Diffusion Fundamentals

Diffusion models work on a beautifully simple principle: gradually add noise to data until it becomes pure Gaussian noise, then learn to reverse the process.

The Core Idea

Think of the diffusion process like:

Taking a clear image
Adding a tiny bit of noise
Repeating 1000 times until you have pure static
Training a neural network to undo each noise step

Once trained, you can start from pure noise and iteratively denoise to generate new samples.

Forward Process: Adding Noise

Given data $x_0$ (e.g., an image), we gradually corrupt it over $T$ steps (typically $T = 1000$ ):

q(x_t | x_{t-1}) = \mathcal{N}(x_t; \sqrt{1-\beta_t} x_{t-1}, \beta_t I)

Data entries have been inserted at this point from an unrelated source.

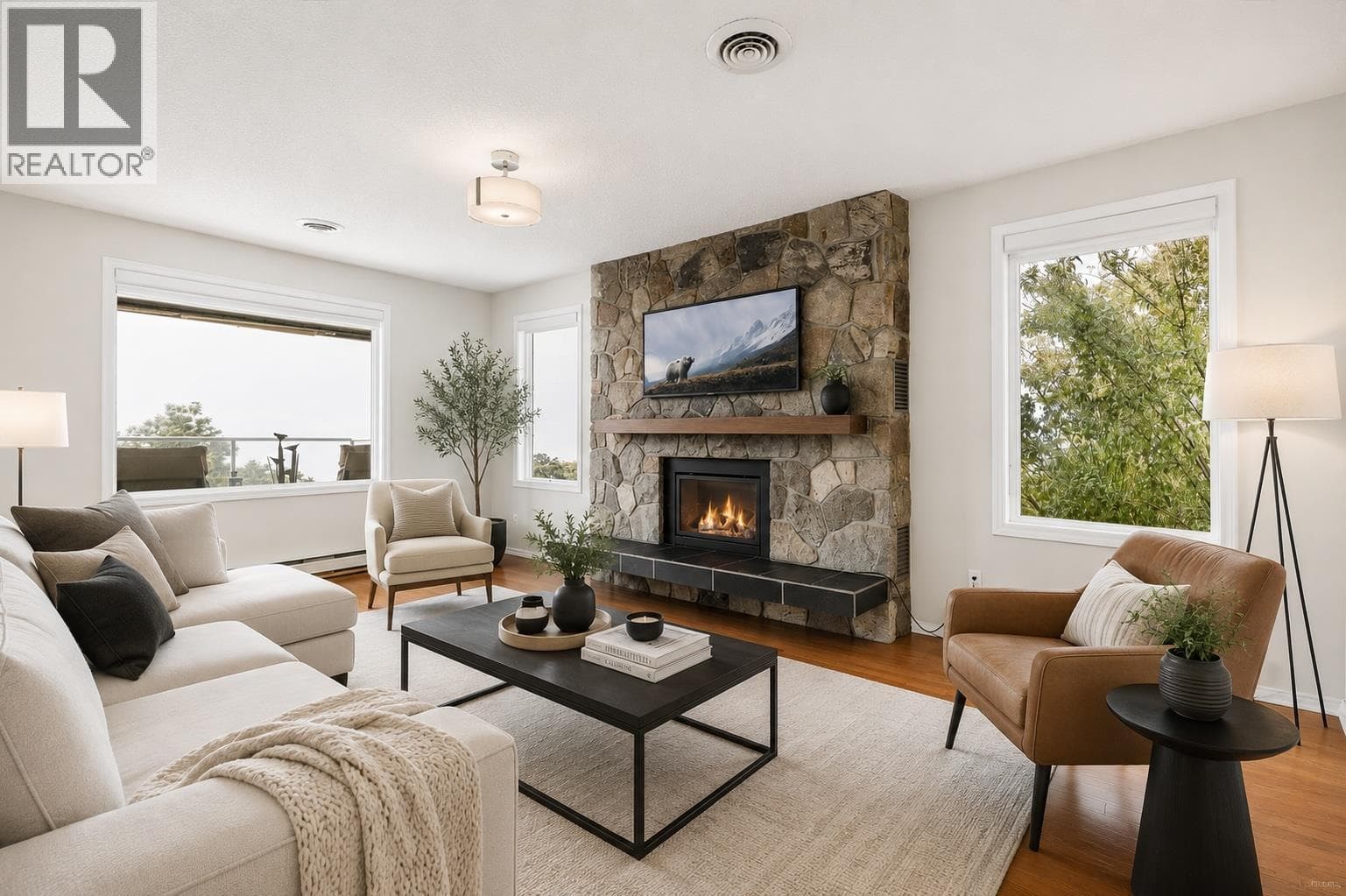 13890 Oyama Road, photo 8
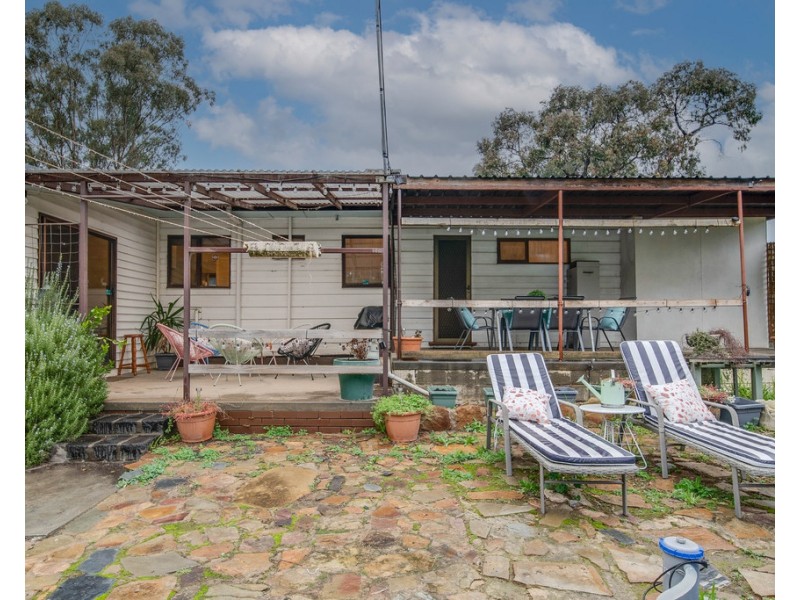 96 Lockwood Rd, Kangaroo Flat VIC 3555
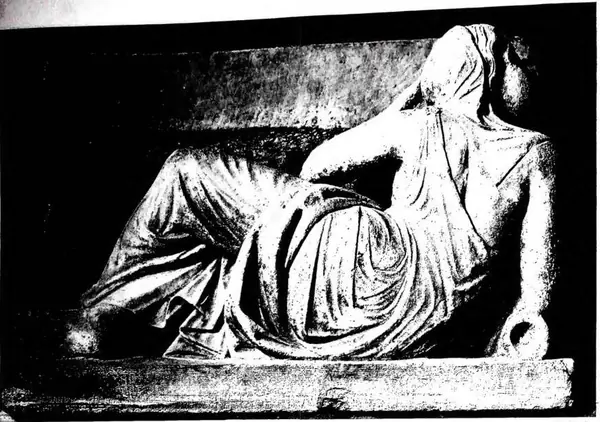 UNA DELLE FIGURE DEGLI ASSETATI Perugia, museo.
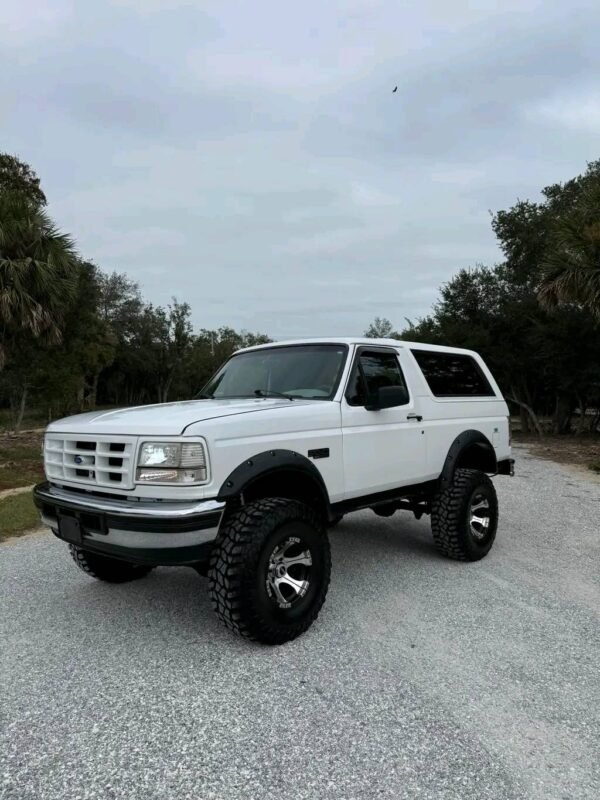 1996 Bronco with a 1995 powerstroke engine swap.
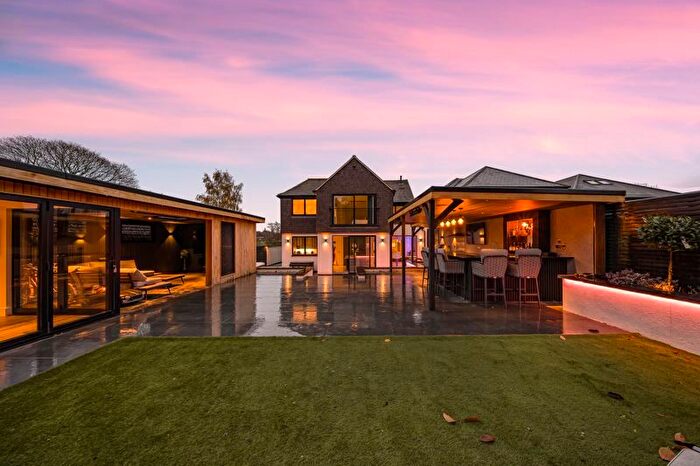 4 Bedroom Detached House For Sale In Birchwood Road, Wilmington, DA2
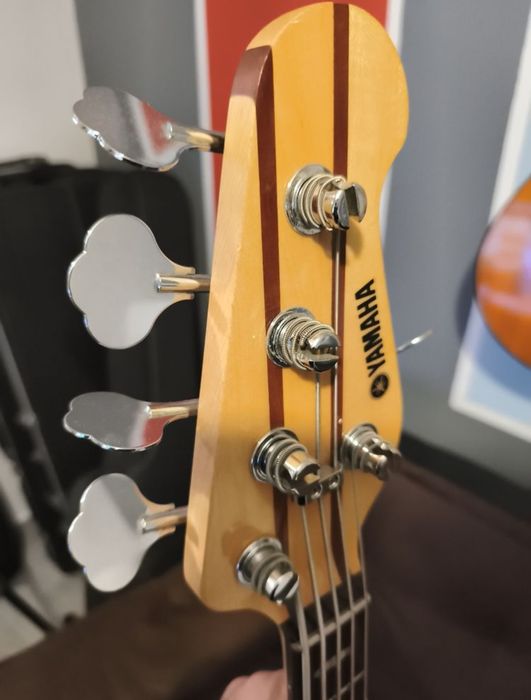 Baixo Yamaha BB 1025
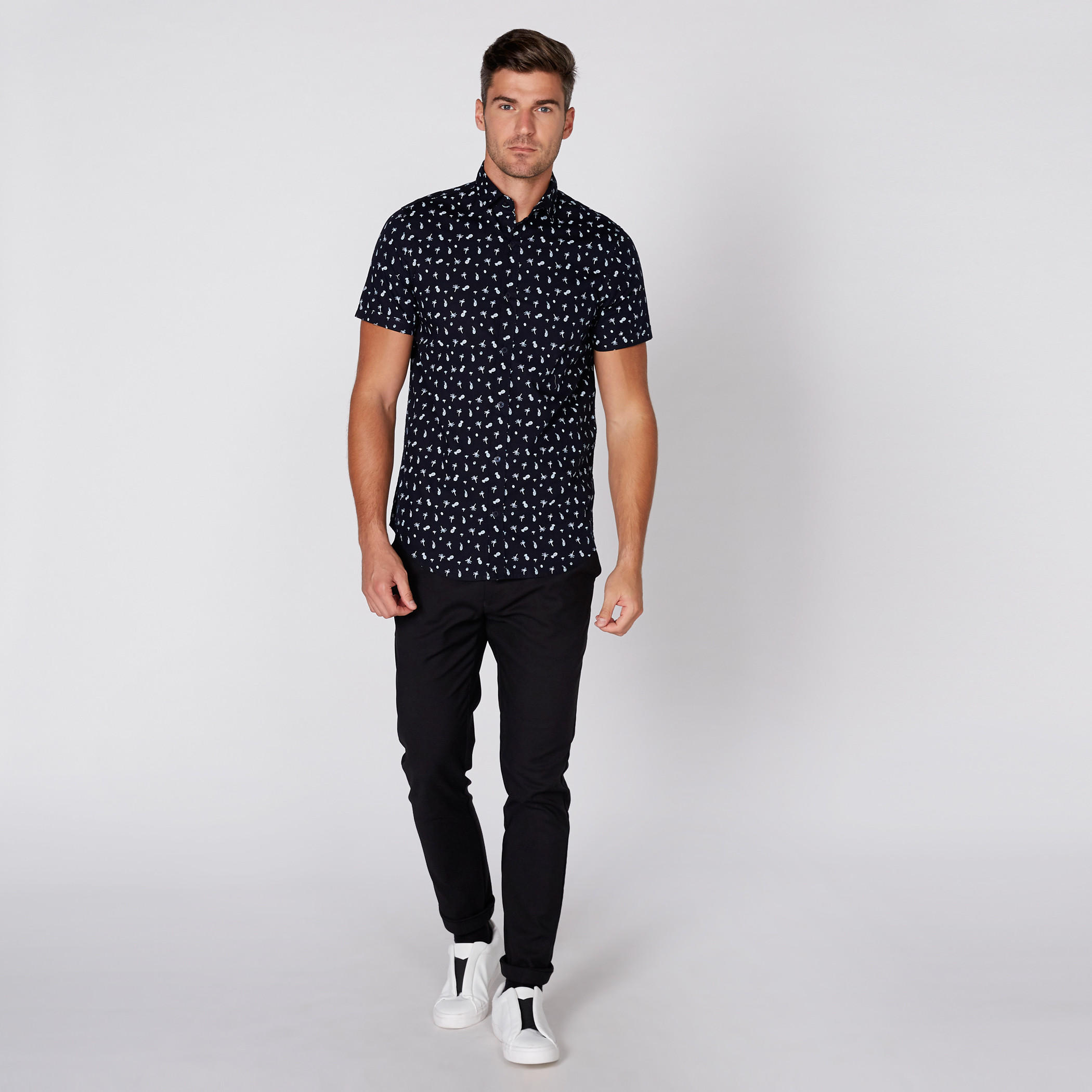 قميص بأكمام قصيرة وأزرار وطبعات-men-clothing-shirts-image-2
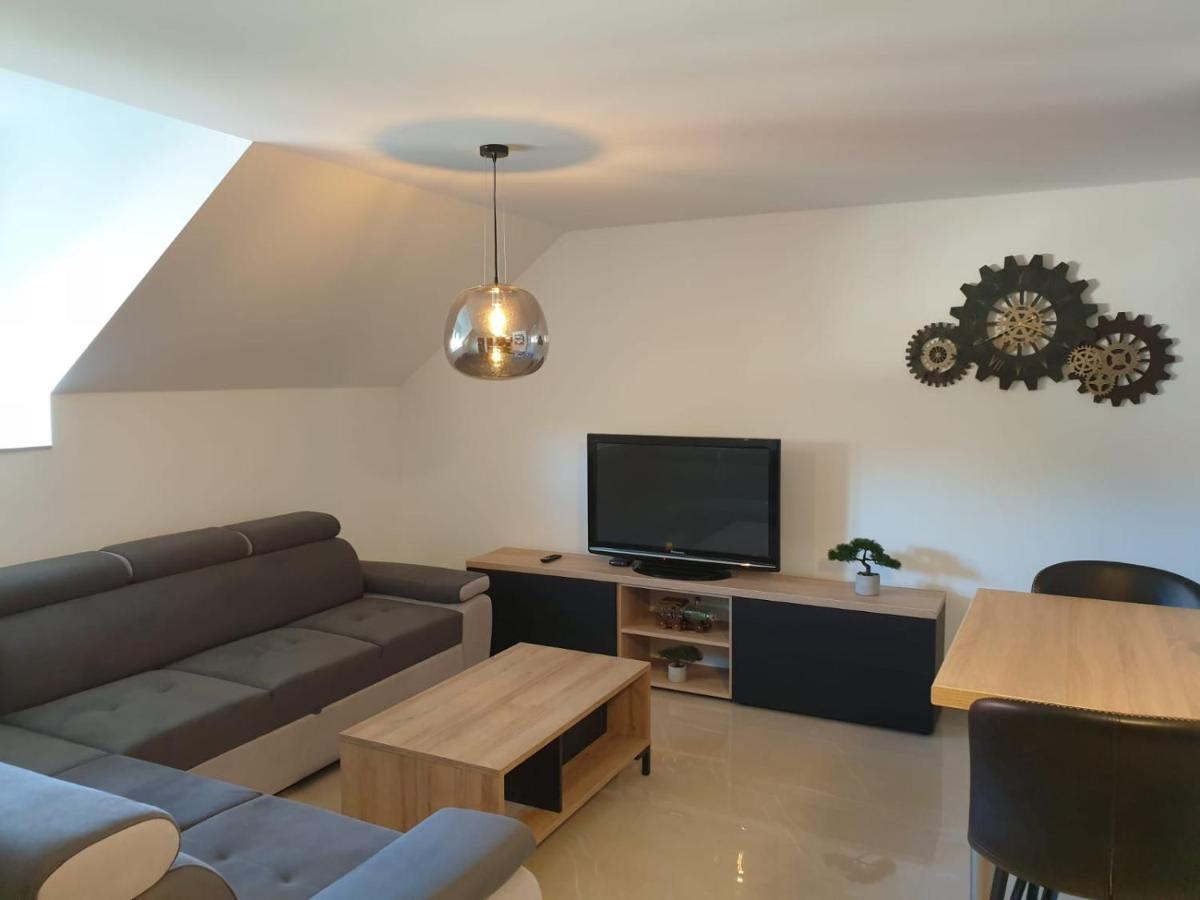 Apartmani New York Nova Gradiska Bagian luar foto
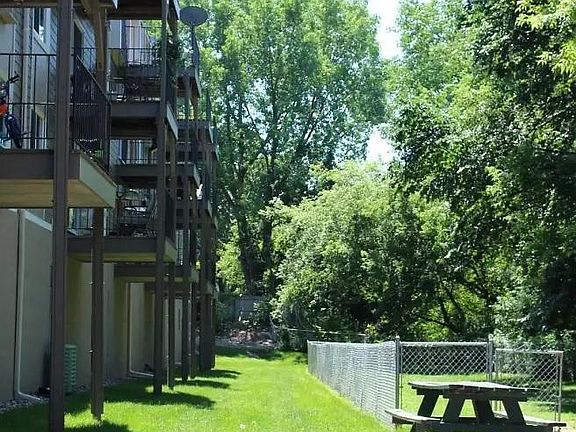 2nd image of 1970 Burns Ave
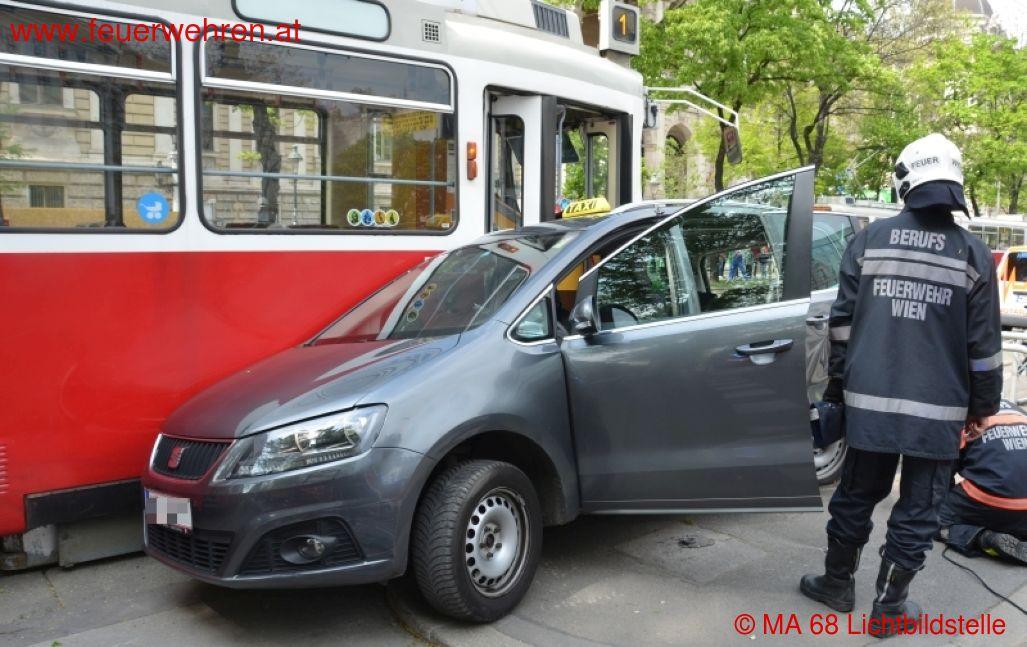 BF Wien: Pkw gegen Straßenbahn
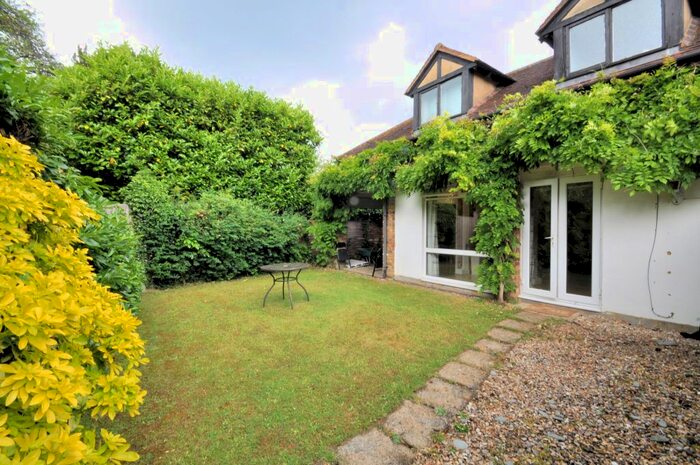 Studio To Rent In Old Ferry Drive, Wraysbury, Staines TW19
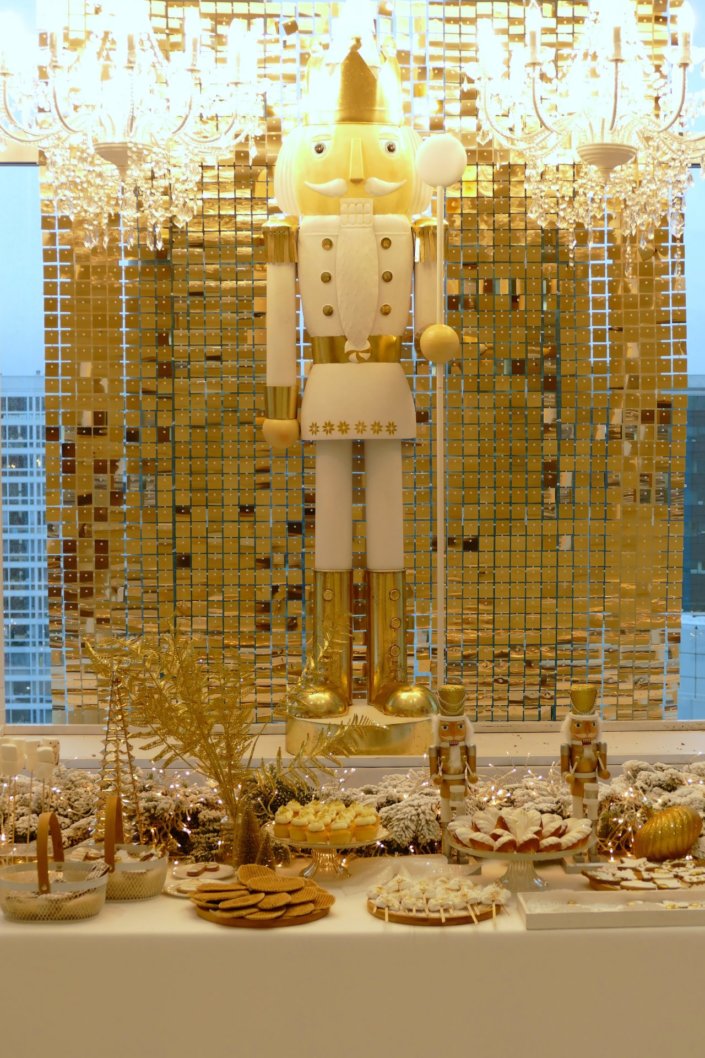 Arbre de Noël en or et blanc pour 180 enfants - Décoration, scénographie, pâtisseries sur mesure, candy bar et boissons par Studio Candy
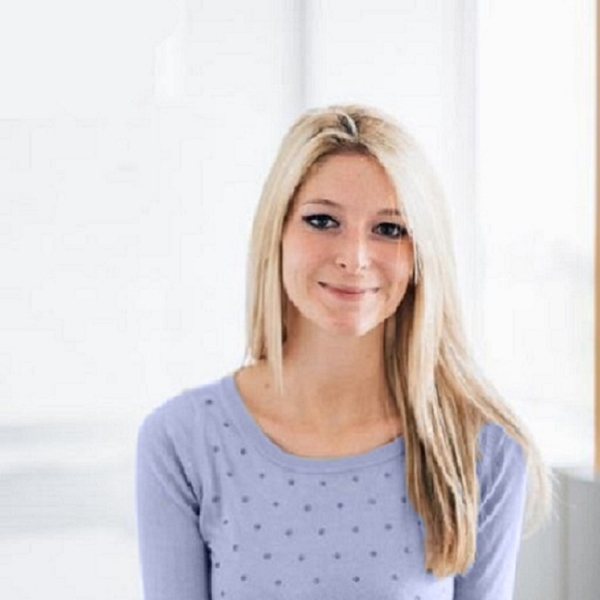 Célia - Prof de maths - Mettet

where $\beta_t$ is a noise schedule (e.g., linearly increasing from 0.0001 to 0.02).

What this means:

At each step $t$ , we add a small amount of Gaussian noise
The noise amount is controlled by $\beta_t$
After $T$ steps, the data becomes indistinguishable from noise

Visualization of the Process


x_0 (clear image) → x_1 → x_2 → ... → x_999 → x_1000 (pure noise)
     [tiny noise]   [more noise]         [almost noise]  [complete noise]

At different timesteps:

t=0: Original image (100% signal)
t=250: Slightly noisy (recognizable)
t=500: Very noisy (barely recognizable)
t=1000: Pure Gaussian noise (0% signal)

Key Mathematical Property

The forward process has a crucial property: we can jump directly to any step $t$ without computing all intermediate steps:

q(x_t | x_0) = \mathcal{N}(x_t; \sqrt{\bar{\alpha}_t} x_0, (1-\bar{\alpha}_t) I)

where:

$\alpha_t = 1 - \beta_t$
$\bar{\alpha}_t = \prod_{i=1}^t \alpha_i = \prod_{i=1}^t (1-\beta_i)$

Why this matters: During training, we can sample any timestep directly, making training efficient. We don’t need to run the forward process 1000 times for each training example.

Understanding Alpha and Beta

Let’s clarify the notation:

$\beta_t$ : Variance of noise added at step $t$
- Small values (0.0001 to 0.02)
- Controls how much noise is added
- Typically increases over time (noise schedule)
$\alpha_t = 1 - \beta_t$ : Retention factor
- How much of the previous step is kept
- Close to 1 (0.98 to 0.9999)
$\bar{\alpha}_t = \prod_{i=1}^t (1-\beta_i)$ : Cumulative retention
- How much of the original $x_0$ remains at step $t$
- Decreases from 1.0 (at $t=0$ ) to near 0 (at $t=T$ )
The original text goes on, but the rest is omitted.